Monitoring your OpenShift cluster health with Insights Advisor

OpenShift Cluster Manager 2023

Using Insights Advisor to monitor your OpenShift cluster health

Red Hat Customer Content Services

Abstract


Chapter 1. About Red Hat Insights Advisor for OpenShift Container Platform

Use Red Hat Insights Advisor for OpenShift Container Platform to identify and solve issues with your clusters.

1.1. About Red Hat Insights Advisor for OpenShift Container Platform

You can use Insights Advisor to assess and monitor the health of your OpenShift Container Platform clusters. Whether you are concerned about individual clusters, or with your whole infrastructure, it is important to be aware of your exposure to issues that can affect service availability, fault tolerance, performance, or security.

Insights repeatedly analyzes the data that Insights Operator sends using a database of recommendations, which are sets of conditions that can leave your OpenShift Container Platform clusters at risk.
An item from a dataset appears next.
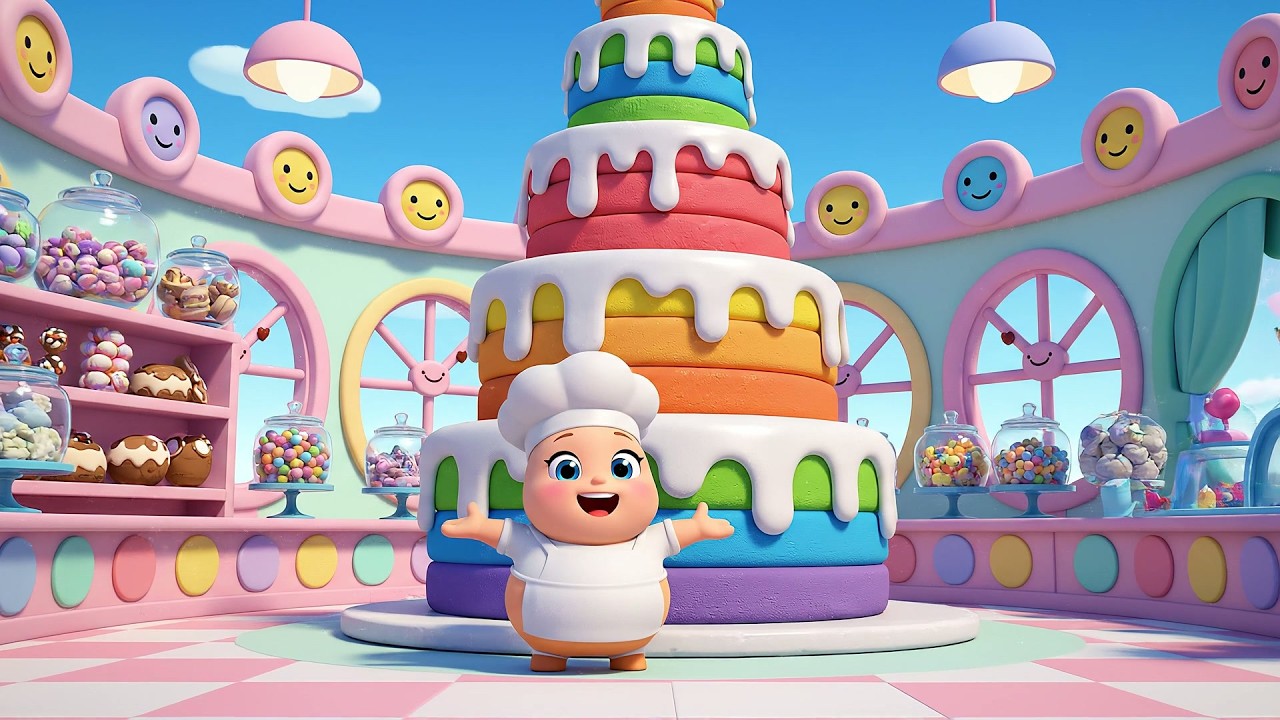 Pat-a-Cake Rainbow Bakery Adventure | Colorful Cooking Song & Nursery Rhymes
Your data is then uploaded to the Insights Advisor service on Red Hat Hybrid Cloud Console where you can perform the following actions:

  • See clusters impacted by a specific recommendation.
  • Use robust filtering capabilities to refine your results to those recommendations.
  • Learn more about individual recommendations, details about the risks they present, and get resolutions tailored to your individual clusters.
  • Share results with other stakeholders.

To use Insights Advisor, your cluster must be registered to OpenShift Cluster Manager. To register a disconnected cluster, see Registering OpenShift Container Platform clusters to OpenShift Cluster Manager.

Additional resources

1.2. Understanding Insights Advisor recommendations

Insights Advisor bundles information about various cluster states and component configurations that can negatively affect the service availability, fault tolerance, performance, or security of your clusters. This information set is called a recommendation in Insights Advisor and includes the following information:

  • Name: A concise description of the recommendation
  • Added: When the recommendation was published to the Insights Advisor archive
  • Category: Whether the issue has the potential to negatively affect service availability, fault tolerance, performance, or security
  • Total risk: A value derived from the likelihood that the condition will negatively affect your infrastructure, and the impact on operations if that were to happen
  • Clusters: A list of clusters on which a recommendation is detected
  • Link to associated topics: More information from Red Hat about the issue

Chapter 2. Using Red Hat Insights Advisor for OpenShift Container Platform

Insights Advisor repeatedly analyzes the data Insights Operator sends. You can view and manage reports showing Insights Advisor data for your OpenShift Container Platform cluster from the Insights Advisor service on Red Hat Hybrid Cloud Console.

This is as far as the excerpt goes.